Saxon Rebel. Poets from Tennyson to T. S. Eliot have struggled with the problem of Becket. In Murder in the Cathedral, Eliot maintained that "Christian martyrdom is no accident" but an act prearranged either by God or the doomed man. France's Jean Anouilh built his play Becket more on the love-hate relationship of the king and archbishop, but also claimed that Becket was a Saxon rebel against England's Norman overlords. To Poet Christopher Fry, in Curtmantle, King Henry was the tragic hero and focus of the play; Becket vanishes from sight after his murder in the second act.
Undaunted by the list of her great predecessors, Author Shelley Mydans, wife of Photographer Carl Mydans, again tells the story in this new book, subtitled "a novel of the life, passion and miracles of Becket." It is still a rousing tale, filled with pomp and circumstance, tumultuous with the hacking blades of knights in battle, and silken with conspiracies that range from London to Rome.

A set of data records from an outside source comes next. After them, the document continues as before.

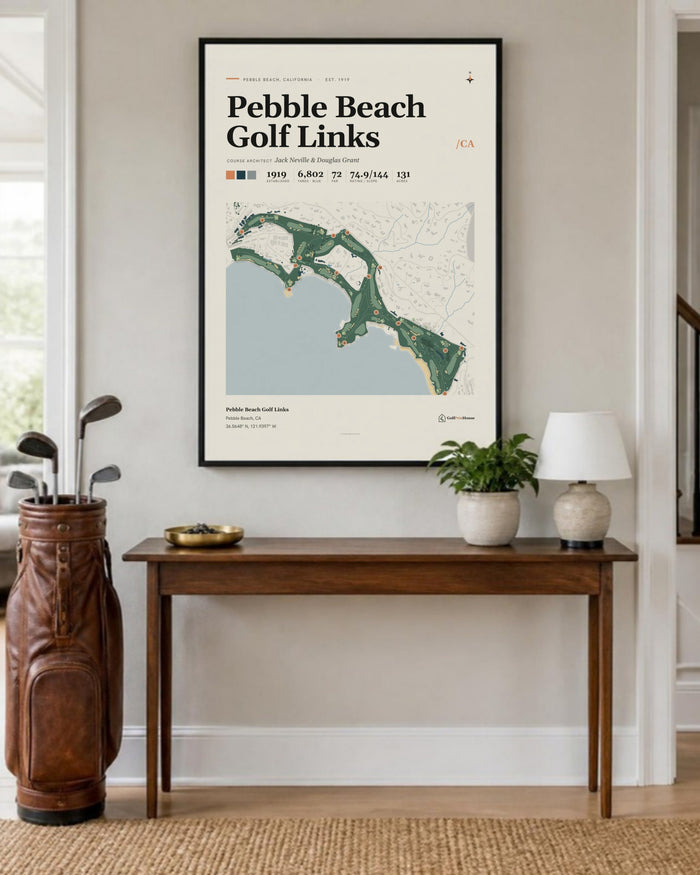 Pebble Beach Golf Links golf course print, in an entryway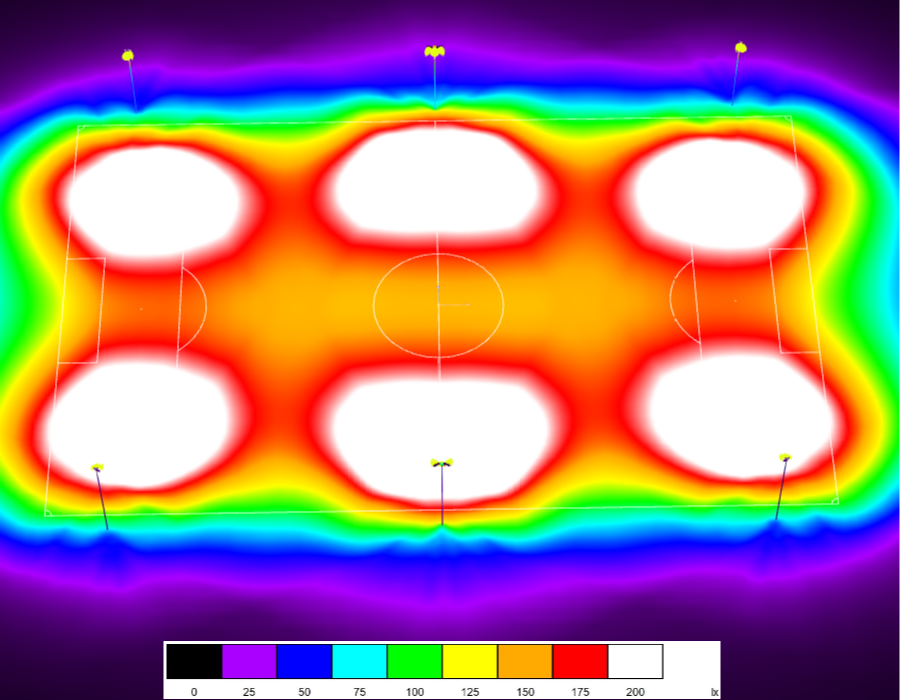 Futbalové ihrisko 105*68m, 6x stĺp, v= 12m, 200lux. main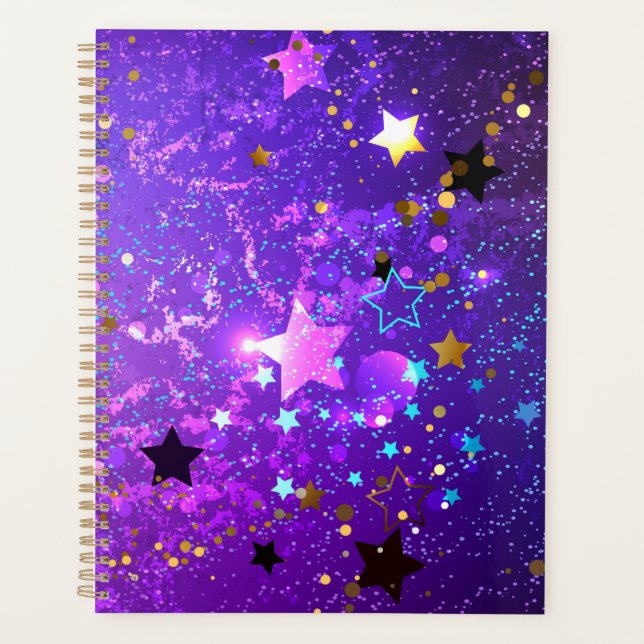 Agenda Fundo de folhas roxas com estrelas (Frente)
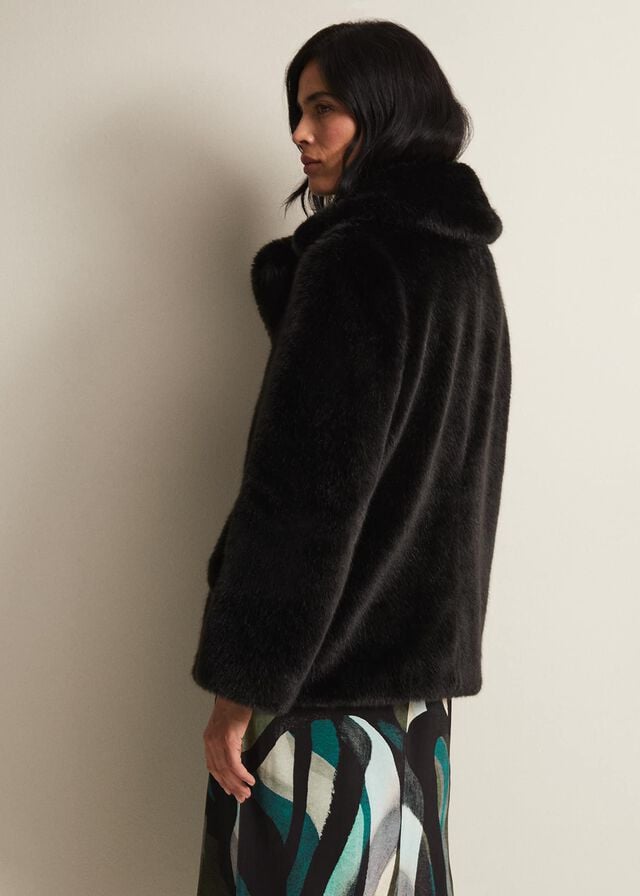 Black Phase Eight Megan Faux Fur Coats | 5071EHXAP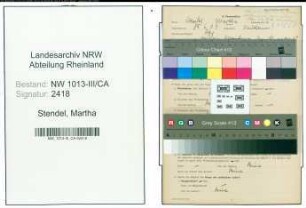 Entnazifizierung Martha Stendel , geb. 14.06.1909 (Verkaeuferin)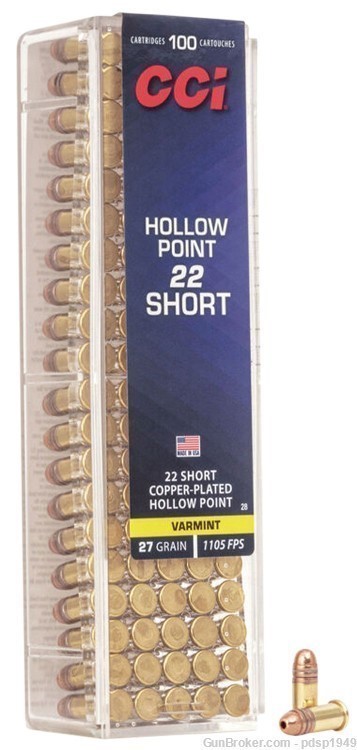 CCI 0028 Varmint 22 Short 27 gr 1105 fps Copper Plated Hollow Point (CPHP) -img-0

Ritual Murder. All of Becket's biographers have been borrowers, and Shelley Mydans is no exception. Through judicious, and admitted, dippings into Dr. Margaret Murray's books on medieval witchcraft, she throws a shadowy net of the supernatural around her story, suggesting that Henry II's great-uncle, King William Rufus, died in a ritual cabalistic murder in a sacred wood, and strongly hinting that Henry himself was doing the Devil's work as much as Becket was doing God's. Since Thomas is fiction, not history, Author Mydans need not apologize for her liberties. Nor for her writing, which is smooth when Becket walks in piety and muscular when he is routing the chivalry of France for his king.